Right at the start of the poem, the story shows that Beowulf is keen on maturing and taking over the role of leadership. Although he is highly successful as a young hero, he does not allow the situation to cloud his ability to reach much higher levels than the ones that are present for him. He, therefore, gets in contact with Hrothgar. Hrothgar is crucial to the life of Beowulf as he plays the role of a father figure. He, therefore, takes the time to advise Beowulf on some of the virtues that are desirable in leadership. He, therefore, shows him some of the concepts that denote a wise ruler. Although Beowulf takes many years to assume the role of a ruler, the experience that he has with Hrothgar is critical in shaping his life and ensuring that he can become a most effective one when the time comes.
The second part of the story is depicted in a setting in Greatland. It denotes the middle of Beowulf’s career. It also shows the very end of the life of the hero. The poem, however, uses a lot of reflection in a bid to show much of what happened in the gap in between his young age and middle age. The reader is, therefore, able to identify some of the measures that Beowulf took to build himself up as both a warrior and a king.
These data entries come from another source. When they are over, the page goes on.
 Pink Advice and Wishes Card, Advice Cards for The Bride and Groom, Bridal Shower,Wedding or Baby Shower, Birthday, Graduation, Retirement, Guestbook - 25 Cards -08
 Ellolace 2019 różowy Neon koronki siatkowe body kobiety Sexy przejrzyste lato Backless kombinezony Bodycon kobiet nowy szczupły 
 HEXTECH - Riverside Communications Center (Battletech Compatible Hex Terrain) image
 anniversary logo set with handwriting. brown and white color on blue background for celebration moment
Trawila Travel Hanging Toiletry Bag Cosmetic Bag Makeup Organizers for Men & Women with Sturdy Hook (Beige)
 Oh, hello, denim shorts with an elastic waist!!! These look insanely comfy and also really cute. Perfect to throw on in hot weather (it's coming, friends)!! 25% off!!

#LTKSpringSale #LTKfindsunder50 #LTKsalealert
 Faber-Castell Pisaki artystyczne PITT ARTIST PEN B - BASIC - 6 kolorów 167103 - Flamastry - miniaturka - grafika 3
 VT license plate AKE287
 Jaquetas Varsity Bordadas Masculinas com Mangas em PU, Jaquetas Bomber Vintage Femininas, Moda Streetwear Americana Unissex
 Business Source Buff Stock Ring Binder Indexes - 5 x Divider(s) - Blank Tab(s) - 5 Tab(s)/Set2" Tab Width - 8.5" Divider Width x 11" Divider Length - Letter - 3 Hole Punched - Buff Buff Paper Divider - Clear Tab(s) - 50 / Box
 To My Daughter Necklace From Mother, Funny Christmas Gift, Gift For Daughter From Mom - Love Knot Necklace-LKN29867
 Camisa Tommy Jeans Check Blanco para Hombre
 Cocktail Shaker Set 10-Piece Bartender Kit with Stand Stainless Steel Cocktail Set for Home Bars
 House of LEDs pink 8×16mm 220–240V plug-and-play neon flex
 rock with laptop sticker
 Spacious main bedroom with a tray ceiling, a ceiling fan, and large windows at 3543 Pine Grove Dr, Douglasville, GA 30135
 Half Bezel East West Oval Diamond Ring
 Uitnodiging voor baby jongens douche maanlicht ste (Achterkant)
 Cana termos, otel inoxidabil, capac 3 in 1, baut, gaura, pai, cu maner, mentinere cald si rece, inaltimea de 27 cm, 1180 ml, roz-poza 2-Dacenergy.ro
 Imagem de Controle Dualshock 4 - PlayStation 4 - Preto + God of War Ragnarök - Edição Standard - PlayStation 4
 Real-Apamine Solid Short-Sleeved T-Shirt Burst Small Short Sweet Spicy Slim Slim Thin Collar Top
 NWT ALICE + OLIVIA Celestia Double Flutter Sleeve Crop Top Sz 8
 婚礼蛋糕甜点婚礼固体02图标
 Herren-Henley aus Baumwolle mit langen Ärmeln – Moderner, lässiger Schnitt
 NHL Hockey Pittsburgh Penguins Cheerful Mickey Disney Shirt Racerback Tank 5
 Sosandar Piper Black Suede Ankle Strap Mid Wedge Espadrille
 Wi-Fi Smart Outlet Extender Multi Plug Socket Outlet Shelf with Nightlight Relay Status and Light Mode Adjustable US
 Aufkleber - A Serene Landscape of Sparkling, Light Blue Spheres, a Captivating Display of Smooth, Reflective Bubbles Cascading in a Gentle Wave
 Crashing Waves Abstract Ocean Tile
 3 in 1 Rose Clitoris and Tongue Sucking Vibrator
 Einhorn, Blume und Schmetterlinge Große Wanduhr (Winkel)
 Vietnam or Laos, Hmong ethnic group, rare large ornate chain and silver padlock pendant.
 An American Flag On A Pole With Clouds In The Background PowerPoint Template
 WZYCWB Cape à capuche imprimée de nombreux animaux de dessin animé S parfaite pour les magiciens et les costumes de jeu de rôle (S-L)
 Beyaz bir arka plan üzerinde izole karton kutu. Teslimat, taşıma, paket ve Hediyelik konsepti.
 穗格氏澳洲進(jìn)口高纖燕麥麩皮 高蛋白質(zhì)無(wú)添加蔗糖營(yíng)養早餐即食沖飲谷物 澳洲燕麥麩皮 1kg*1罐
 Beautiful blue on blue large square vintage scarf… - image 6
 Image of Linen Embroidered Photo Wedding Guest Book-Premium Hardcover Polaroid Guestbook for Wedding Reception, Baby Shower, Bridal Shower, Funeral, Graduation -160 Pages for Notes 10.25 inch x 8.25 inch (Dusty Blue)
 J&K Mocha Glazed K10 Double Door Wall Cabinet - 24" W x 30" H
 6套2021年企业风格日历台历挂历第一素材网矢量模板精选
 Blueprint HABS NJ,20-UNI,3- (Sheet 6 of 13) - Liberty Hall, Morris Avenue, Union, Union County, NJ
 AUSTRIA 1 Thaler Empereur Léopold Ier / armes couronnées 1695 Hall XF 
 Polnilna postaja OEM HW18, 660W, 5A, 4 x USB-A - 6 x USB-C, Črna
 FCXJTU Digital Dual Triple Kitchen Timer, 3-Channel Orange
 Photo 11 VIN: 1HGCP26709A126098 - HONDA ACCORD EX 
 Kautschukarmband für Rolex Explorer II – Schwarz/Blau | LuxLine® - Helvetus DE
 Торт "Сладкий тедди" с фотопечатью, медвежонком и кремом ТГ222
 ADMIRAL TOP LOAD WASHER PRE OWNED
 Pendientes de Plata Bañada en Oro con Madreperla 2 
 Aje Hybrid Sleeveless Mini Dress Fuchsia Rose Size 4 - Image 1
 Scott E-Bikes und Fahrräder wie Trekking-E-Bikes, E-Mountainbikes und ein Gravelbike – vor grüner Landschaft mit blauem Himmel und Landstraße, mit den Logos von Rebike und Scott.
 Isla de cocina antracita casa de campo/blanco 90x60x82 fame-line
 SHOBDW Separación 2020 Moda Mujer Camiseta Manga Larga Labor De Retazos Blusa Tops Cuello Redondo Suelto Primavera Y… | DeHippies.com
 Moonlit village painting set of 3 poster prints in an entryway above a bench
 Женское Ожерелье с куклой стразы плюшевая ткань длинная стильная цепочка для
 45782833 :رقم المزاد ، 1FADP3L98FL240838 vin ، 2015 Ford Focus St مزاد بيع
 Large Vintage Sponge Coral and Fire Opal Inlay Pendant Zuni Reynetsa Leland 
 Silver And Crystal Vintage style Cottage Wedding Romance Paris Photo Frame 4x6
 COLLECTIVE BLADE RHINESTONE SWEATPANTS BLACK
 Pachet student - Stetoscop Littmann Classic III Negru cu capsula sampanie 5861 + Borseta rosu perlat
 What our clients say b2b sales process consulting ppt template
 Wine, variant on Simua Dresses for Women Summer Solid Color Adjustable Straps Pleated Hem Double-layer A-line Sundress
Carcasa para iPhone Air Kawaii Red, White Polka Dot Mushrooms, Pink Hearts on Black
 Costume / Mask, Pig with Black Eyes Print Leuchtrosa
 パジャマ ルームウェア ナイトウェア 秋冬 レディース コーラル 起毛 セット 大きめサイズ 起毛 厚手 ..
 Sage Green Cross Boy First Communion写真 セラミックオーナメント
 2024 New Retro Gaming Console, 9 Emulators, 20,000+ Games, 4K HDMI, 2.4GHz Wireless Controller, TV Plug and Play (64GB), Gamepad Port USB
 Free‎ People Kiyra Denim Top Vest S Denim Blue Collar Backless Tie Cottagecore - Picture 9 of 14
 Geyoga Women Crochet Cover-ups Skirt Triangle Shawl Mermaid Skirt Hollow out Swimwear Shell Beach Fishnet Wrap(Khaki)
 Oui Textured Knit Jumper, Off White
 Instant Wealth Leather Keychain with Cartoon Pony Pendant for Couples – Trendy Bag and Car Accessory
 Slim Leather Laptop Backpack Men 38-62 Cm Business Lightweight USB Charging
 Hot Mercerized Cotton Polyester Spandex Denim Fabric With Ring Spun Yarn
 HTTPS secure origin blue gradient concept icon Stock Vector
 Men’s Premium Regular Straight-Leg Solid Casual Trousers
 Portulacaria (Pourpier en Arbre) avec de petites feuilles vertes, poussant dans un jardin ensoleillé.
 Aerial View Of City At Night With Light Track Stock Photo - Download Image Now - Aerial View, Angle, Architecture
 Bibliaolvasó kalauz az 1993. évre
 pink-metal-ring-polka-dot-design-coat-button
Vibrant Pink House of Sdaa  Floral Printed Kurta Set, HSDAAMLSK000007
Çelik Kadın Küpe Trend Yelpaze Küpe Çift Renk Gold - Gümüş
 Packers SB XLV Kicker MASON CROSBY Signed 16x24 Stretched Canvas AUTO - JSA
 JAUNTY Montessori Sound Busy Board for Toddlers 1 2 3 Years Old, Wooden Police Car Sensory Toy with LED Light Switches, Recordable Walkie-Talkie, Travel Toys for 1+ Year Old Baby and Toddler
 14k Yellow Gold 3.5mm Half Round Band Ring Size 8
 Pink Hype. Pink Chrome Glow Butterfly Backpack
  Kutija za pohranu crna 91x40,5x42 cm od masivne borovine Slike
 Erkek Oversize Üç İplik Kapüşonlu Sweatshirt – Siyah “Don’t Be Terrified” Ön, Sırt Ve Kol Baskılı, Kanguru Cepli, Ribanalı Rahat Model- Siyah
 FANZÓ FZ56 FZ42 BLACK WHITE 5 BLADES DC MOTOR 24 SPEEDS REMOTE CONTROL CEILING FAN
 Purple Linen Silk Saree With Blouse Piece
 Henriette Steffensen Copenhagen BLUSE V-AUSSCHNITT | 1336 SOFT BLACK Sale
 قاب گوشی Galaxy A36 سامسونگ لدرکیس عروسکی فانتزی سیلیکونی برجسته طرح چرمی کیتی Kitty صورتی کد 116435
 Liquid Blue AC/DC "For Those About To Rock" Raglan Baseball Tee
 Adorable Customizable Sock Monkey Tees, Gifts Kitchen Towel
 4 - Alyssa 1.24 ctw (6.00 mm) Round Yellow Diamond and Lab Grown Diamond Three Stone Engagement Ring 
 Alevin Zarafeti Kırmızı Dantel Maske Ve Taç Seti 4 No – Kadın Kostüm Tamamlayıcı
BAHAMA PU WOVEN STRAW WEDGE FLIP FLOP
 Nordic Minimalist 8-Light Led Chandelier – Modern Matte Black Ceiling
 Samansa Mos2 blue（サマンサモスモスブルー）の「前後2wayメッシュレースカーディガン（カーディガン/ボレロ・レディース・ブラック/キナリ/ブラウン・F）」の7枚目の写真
The period that followed after the death of Hygelac marked as an important part of the life of Beowulf. It is a point that marked his transition from a warrior to a king. He fails to follow the actions of Hrothulf. Hrothulf had rushed to seek for kingship himself in Denmark. Beowulf, rather, seeks to support Hygelac son, the rightful heir, to become king. His actions are, therefore, a true mark of loyalty and show that he is not a person guided by greed and the zeal for power at any cost. He also shows that he has great respect for the throne. Thus, people see him a highly worthy to take over the role of ruling over them.
The final part of the poem shows the encounter that Beowulf has with the dragon. In the phase of the poem, the poet is keen to show the differences in the expectations of a king a warrior. Most often, a warrior acts towards his self-gratification to earn fame from people within his community. The king, however, has to act with great restraint and the need to show great value to the people around him to ensure that they are well protected. He, therefore, needs to go a notch higher and act towards the good of his people. It is a form of sacrifice that Beowulf seems to be willing to take up. However, through reflection, the moral status of Beowulf are marked with ambiguity in the end. Although he is highly celebrated throughout the poem as a great warrior and king, his zeal to fight at the end of the poem appears to be quite rushed. The poem aims to show that by Beowulf has sacrificed himself. His death leaves his people without a ruler. They are, therefore, left vulnerable and susceptible to being attacked by other tribes.
However, putting the personal blame on Beowulf for putting his life in danger negates the role that fate plays at the end of the poem. By engaging the dragon, he was taking part in an action in which he had little or no choice at all. It was also a mark of his warrior culture, a concept that he could not run away from, given the immense role that it played in shaping the kind of person whom he is. He had grown up as a warrior, and that is the one thing that he was fully conversant with. He, therefore, had to stand up for it and be counted as one of the people who came to the aid of others when they needed it the most.